+++ SUPPLIED DATA +++

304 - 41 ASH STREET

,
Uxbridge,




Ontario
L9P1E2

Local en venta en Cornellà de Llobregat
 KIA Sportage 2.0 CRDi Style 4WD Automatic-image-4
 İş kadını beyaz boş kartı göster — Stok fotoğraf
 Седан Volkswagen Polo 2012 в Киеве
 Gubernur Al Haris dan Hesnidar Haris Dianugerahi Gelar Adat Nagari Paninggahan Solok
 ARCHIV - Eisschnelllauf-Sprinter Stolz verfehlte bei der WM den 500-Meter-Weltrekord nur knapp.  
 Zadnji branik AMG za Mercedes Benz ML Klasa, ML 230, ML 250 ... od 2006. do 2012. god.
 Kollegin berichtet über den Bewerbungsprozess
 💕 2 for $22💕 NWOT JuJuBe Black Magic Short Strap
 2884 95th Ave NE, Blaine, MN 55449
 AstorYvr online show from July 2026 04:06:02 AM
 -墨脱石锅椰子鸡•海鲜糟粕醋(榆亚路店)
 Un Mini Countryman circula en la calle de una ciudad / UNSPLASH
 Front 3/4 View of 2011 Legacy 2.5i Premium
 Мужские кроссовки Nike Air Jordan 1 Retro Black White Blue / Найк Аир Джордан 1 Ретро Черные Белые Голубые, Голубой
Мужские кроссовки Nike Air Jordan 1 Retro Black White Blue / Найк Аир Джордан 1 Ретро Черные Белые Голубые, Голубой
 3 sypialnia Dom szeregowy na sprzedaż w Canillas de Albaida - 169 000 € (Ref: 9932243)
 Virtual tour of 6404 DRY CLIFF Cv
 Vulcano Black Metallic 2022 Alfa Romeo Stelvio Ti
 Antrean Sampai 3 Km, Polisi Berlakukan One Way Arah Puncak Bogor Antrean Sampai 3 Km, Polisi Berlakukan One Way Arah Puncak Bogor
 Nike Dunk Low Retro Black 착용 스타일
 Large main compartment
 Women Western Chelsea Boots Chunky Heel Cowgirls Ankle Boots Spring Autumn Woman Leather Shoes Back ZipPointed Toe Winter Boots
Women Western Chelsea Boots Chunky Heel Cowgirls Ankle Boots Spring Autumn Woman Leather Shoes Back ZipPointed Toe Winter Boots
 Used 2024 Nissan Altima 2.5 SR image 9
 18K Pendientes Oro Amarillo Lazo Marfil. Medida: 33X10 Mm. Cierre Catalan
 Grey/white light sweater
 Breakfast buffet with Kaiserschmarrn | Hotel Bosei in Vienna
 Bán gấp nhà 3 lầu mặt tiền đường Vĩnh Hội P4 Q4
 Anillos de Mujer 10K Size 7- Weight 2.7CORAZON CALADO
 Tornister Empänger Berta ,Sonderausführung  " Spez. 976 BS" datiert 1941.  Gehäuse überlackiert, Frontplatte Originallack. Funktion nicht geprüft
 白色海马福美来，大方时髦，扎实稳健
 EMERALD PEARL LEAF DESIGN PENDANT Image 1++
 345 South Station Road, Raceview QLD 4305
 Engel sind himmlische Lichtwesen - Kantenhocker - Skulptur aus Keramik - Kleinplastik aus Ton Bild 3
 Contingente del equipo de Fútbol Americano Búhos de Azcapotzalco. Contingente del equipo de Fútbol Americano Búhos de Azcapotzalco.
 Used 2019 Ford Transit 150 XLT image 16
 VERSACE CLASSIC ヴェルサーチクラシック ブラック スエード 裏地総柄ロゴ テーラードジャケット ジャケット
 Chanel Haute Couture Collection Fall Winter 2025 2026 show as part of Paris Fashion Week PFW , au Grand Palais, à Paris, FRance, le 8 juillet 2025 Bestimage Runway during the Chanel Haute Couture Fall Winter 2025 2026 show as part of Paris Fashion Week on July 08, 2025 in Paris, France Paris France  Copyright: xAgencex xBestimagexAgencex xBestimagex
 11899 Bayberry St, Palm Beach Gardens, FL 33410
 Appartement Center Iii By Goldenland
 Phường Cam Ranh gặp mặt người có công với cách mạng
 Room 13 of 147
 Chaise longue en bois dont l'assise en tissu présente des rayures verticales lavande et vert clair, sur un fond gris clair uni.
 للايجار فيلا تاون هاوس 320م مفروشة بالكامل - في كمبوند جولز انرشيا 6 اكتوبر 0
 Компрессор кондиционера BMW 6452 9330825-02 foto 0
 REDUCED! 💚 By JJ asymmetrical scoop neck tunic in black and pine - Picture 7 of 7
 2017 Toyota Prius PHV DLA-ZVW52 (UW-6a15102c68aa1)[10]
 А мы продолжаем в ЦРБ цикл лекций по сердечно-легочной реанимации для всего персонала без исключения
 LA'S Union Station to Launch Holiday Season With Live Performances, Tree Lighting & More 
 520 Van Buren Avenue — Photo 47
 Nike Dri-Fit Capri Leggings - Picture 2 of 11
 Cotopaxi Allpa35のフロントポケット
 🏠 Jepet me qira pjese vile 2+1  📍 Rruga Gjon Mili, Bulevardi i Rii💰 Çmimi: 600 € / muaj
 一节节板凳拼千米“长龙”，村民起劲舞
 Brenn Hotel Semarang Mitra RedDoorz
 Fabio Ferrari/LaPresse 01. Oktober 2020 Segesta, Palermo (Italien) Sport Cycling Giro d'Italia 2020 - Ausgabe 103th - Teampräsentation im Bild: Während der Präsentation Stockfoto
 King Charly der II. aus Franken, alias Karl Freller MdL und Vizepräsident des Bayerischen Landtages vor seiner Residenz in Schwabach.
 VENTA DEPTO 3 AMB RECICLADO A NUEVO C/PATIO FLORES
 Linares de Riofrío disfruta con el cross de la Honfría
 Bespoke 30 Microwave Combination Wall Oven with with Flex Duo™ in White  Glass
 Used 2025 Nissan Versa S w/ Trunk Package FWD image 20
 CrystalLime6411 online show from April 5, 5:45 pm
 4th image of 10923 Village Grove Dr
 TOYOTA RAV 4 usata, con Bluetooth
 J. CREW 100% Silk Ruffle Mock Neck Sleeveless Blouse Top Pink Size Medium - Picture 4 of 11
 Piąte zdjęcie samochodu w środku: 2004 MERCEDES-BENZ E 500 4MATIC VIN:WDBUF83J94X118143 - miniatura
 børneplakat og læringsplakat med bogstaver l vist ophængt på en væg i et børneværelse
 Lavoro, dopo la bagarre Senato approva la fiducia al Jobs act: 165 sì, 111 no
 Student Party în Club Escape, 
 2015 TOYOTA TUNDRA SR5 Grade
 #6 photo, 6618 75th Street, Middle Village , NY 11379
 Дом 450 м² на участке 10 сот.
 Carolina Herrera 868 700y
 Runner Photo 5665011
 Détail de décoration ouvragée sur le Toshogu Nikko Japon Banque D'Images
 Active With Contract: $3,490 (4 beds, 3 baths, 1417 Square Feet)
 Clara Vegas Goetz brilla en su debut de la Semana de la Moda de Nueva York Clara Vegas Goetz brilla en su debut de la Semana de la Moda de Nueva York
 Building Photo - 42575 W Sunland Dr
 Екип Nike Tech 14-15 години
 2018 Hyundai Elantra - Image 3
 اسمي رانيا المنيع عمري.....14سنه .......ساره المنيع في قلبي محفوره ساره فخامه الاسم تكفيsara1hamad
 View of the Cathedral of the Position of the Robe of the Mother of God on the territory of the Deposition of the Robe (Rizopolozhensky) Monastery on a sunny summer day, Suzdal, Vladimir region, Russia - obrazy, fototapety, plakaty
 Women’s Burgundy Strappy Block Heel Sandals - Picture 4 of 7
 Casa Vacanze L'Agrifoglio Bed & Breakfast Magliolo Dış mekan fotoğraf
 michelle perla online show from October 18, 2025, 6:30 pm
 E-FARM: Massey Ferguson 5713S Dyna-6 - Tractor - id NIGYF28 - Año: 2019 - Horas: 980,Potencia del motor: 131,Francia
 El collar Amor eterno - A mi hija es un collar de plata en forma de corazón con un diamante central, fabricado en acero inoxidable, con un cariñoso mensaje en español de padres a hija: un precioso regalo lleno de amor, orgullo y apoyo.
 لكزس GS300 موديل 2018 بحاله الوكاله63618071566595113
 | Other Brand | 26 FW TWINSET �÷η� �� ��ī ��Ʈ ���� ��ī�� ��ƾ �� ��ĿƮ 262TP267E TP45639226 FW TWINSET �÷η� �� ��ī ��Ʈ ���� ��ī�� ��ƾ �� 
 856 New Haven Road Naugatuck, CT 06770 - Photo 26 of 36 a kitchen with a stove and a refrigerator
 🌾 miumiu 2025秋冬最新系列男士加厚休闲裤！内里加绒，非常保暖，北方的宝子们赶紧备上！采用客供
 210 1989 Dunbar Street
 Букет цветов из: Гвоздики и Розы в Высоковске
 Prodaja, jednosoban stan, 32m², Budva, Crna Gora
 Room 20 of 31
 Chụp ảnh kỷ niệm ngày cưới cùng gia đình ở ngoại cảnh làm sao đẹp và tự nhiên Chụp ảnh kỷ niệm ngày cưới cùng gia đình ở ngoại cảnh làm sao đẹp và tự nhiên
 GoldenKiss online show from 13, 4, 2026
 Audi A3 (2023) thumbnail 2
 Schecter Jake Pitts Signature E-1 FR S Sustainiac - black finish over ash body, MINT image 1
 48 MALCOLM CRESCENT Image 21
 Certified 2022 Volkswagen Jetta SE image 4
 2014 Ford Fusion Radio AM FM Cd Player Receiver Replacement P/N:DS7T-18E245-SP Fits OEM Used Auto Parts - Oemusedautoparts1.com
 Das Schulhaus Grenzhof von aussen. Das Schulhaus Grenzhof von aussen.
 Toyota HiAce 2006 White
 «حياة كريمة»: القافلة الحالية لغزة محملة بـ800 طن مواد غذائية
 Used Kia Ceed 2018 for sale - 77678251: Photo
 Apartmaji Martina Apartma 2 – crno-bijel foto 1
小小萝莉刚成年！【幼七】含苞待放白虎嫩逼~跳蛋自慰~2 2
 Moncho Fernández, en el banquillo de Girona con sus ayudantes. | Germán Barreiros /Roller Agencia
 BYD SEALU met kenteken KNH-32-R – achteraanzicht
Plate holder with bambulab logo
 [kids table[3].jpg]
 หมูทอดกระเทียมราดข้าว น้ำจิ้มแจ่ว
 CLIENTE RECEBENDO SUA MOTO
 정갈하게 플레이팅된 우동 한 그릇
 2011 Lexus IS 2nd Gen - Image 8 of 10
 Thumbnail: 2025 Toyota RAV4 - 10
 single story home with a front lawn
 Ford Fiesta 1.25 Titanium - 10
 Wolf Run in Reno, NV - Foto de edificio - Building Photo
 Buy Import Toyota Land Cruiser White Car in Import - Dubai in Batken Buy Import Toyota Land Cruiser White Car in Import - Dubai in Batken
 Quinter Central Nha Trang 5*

+++

* **TASK DETAILS**:
Within the listing above, extract exactly the lines from the line with "AstorYvr online show" to the line with "Used 2019 Ford Transit 150 XLT image 16", the two named lines included, and no others.

* **SOLUTION BELOW**:
 AstorYvr online show from July 2026 04:06:02 AM
 -墨脱石锅椰子鸡•海鲜糟粕醋(榆亚路店)
 Un Mini Countryman circula en la calle de una ciudad / UNSPLASH
 Front 3/4 View of 2011 Legacy 2.5i Premium
 Мужские кроссовки Nike Air Jordan 1 Retro Black White Blue / Найк Аир Джордан 1 Ретро Черные Белые Голубые, Голубой
Мужские кроссовки Nike Air Jordan 1 Retro Black White Blue / Найк Аир Джордан 1 Ретро Черные Белые Голубые, Голубой
 3 sypialnia Dom szeregowy na sprzedaż w Canillas de Albaida - 169 000 € (Ref: 9932243)
 Virtual tour of 6404 DRY CLIFF Cv
 Vulcano Black Metallic 2022 Alfa Romeo Stelvio Ti
 Antrean Sampai 3 Km, Polisi Berlakukan One Way Arah Puncak Bogor Antrean Sampai 3 Km, Polisi Berlakukan One Way Arah Puncak Bogor
 Nike Dunk Low Retro Black 착용 스타일
 Large main compartment
 Women Western Chelsea Boots Chunky Heel Cowgirls Ankle Boots Spring Autumn Woman Leather Shoes Back ZipPointed Toe Winter Boots
Women Western Chelsea Boots Chunky Heel Cowgirls Ankle Boots Spring Autumn Woman Leather Shoes Back ZipPointed Toe Winter Boots
 Used 2024 Nissan Altima 2.5 SR image 9
 18K Pendientes Oro Amarillo Lazo Marfil. Medida: 33X10 Mm. Cierre Catalan
 Grey/white light sweater
 Breakfast buffet with Kaiserschmarrn | Hotel Bosei in Vienna
 Bán gấp nhà 3 lầu mặt tiền đường Vĩnh Hội P4 Q4
 Anillos de Mujer 10K Size 7- Weight 2.7CORAZON CALADO
 Tornister Empänger Berta ,Sonderausführung  " Spez. 976 BS" datiert 1941.  Gehäuse überlackiert, Frontplatte Originallack. Funktion nicht geprüft
 白色海马福美来，大方时髦，扎实稳健
 EMERALD PEARL LEAF DESIGN PENDANT Image 1++
 345 South Station Road, Raceview QLD 4305
 Engel sind himmlische Lichtwesen - Kantenhocker - Skulptur aus Keramik - Kleinplastik aus Ton Bild 3
 Contingente del equipo de Fútbol Americano Búhos de Azcapotzalco. Contingente del equipo de Fútbol Americano Búhos de Azcapotzalco.
 Used 2019 Ford Transit 150 XLT image 16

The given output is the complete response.